I was instantly hooked —
and I still write the date on every page of my sketchbook."
2 — Has filled up 20 sketchbooks:
"Some are at my studio, some are at my parents' home,
and some are at my home. They aren't filed away,
partly because I am currently out of shelf space,
but also because I am constantly taking them out to look at,
as a reference when I'm doing some other project."
3 — Takes her sketchbook-in-progress pretty much everywhere:
"I keep it in my purse, and I can't go anywhere without it.
In fact, I usually have two going on at once. With all the constant shoving into bags,
and carting around, and tossing them across rooms,
and flipping through pages, and just general shuffling,
I'm surprised they are not more beat up than they are.
Actually, I also have a slightly thinner sketchbook with pink grid pages
that I cart around everywhere as well, and it's in terrible shape,
held together with a large butterfly clip and a huge gold paper clip."
4 — Swears by the freedom a sketchbook provides:
"Sometimes I wish that I had a bunch of 'stand alone' pieces
that are not stuck in my sketchbook. This issue is totally mental.
I know that I would never be able to make something
like what I put in my sketchbooks on a 'stand alone' piece.
When I have a single sheet of paper that is meant to be a complete work,
it would have to be all planned out first. I could never play around
like I can in my sketchbook. In there, it doesn't have to be a masterpiece.
I have a certain kind of freedom to just try something new and see if it works.

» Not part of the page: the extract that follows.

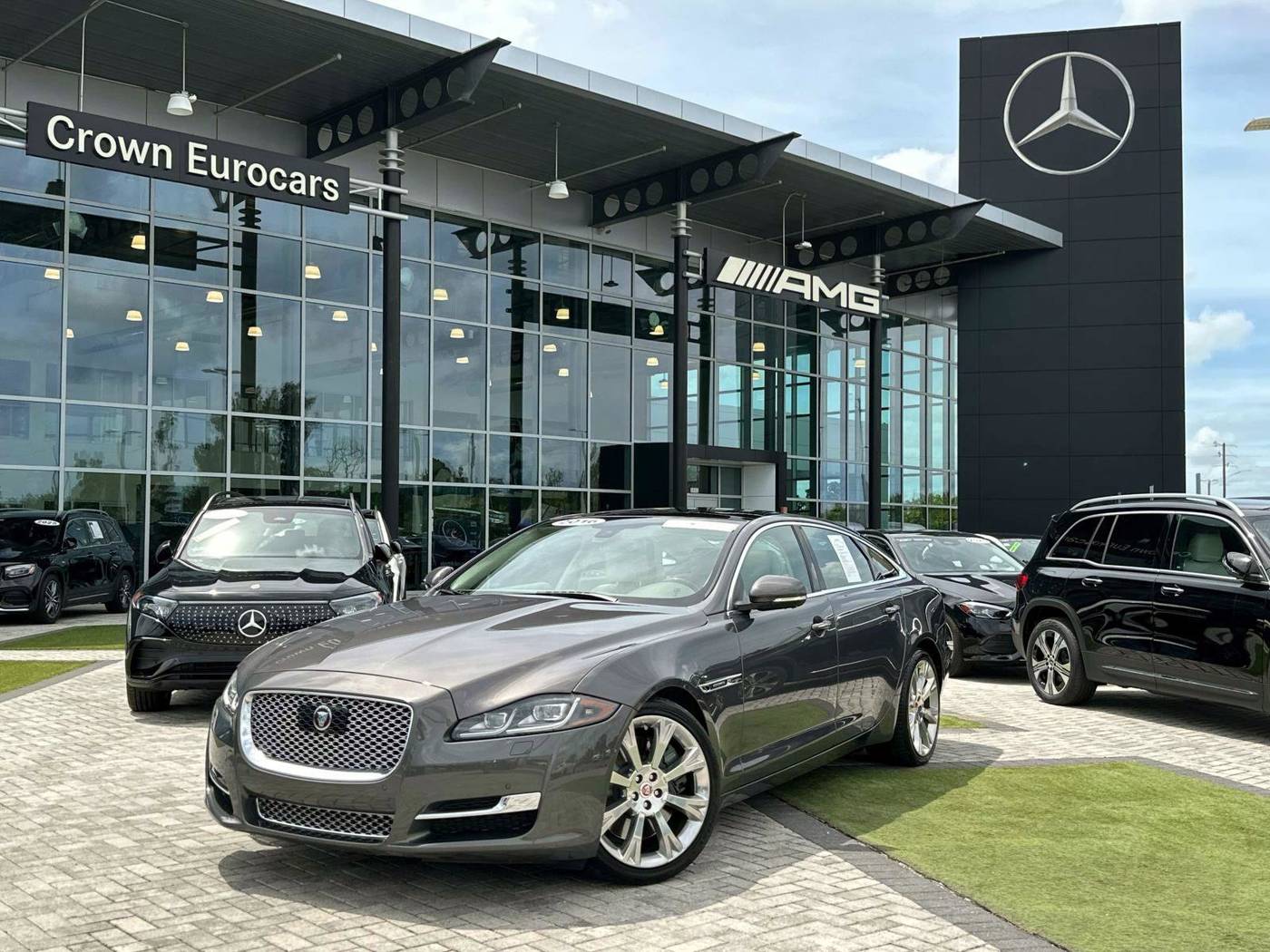 2016 Jaguar XJ Supercharged — Sedan — 46,748 mi — Pinellas Park, FL
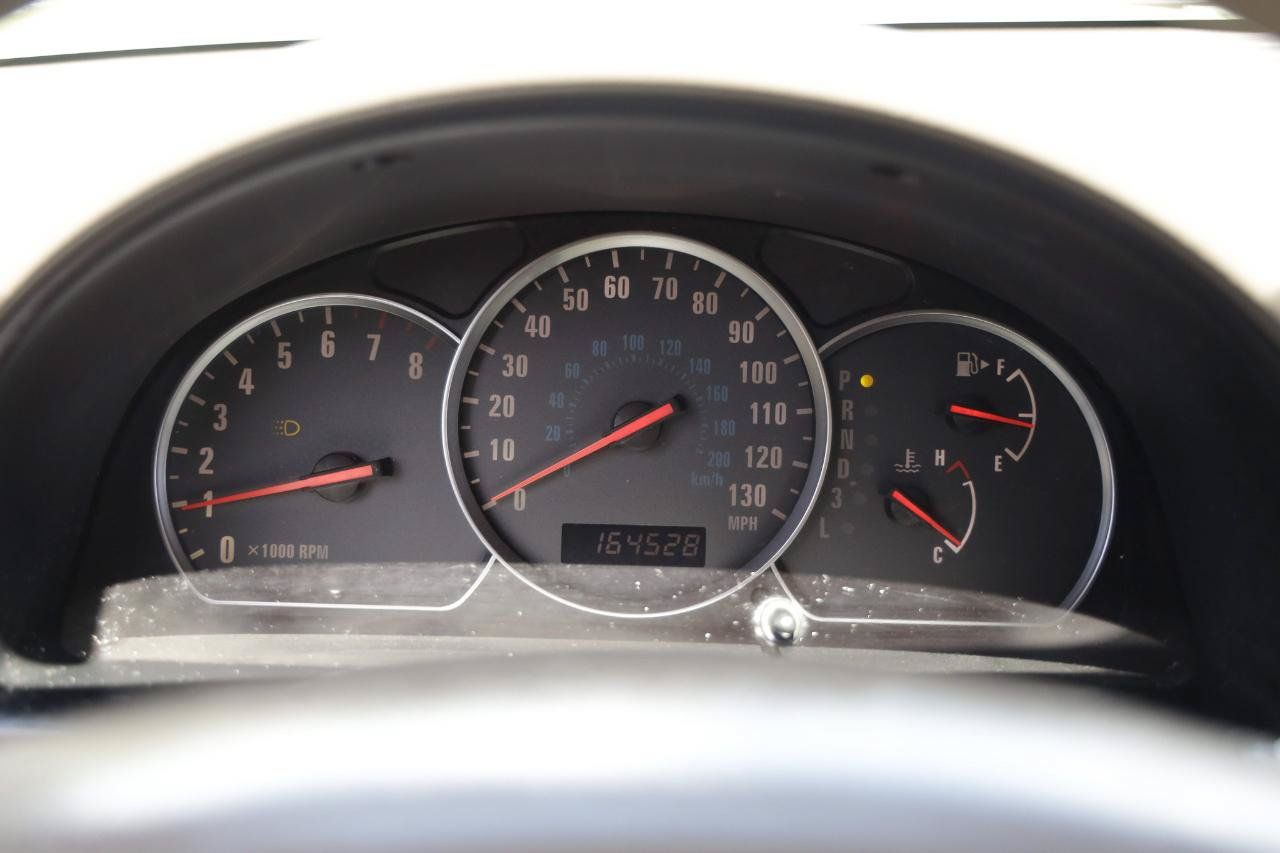 Used 2004 Suzuki XL7 2WD image 26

It doesn't always work. Sometimes I go too far, or it's nice but the colors are all wrong,
or it's just a hot mess. Even the ones that don't work are useful —
because there is almost always something that came out of it that I will use later."
5 — Still enjoys a splash of multimedia in her sketchbook:
"A lot of what I do now is only gouache, but my sketchbooks
used to be a lot more multimedia. For anything I didn't know how to draw,
or didn't care to draw, I would cut out of paper or something.
As I've become better at drawing and painting,
I have been using other things less. However, sometimes I just want to add something
that does not have my hand in it. I love the way its look contrasts with what I've drawn.
I especially love adding paper scraps in colors I would never think to use,
or patterns I could never draw. And sometimes you are just inspired by something
and you want to use and dissect it."
6 — Acknowledges the special something about a book you've made yourself:
"I had made a few books before I started working at Bari's.
I don't know why, but those first books still feel too precious to use.
I just started using one of them as a journal, but that was a hard decision.
And I've started using my first sketchbook I made at Bari's,
with hand-marbled paper covers. Really, the only difference between
my using an 'ordinary' sketchbook and the one I made
is that I like bragging that I made it.
I also like that every single bitty bit of this book is
an extension of myself and my artwork. That's nice!"
As an ardent sketchbook user myself,
I echo Emmy's perspective regarding creative freedom.
Drawing or painting or lettering or doodling in a sketchbook
allows your hand and your imagination to "think on paper"
in the most mysteriously liberating way.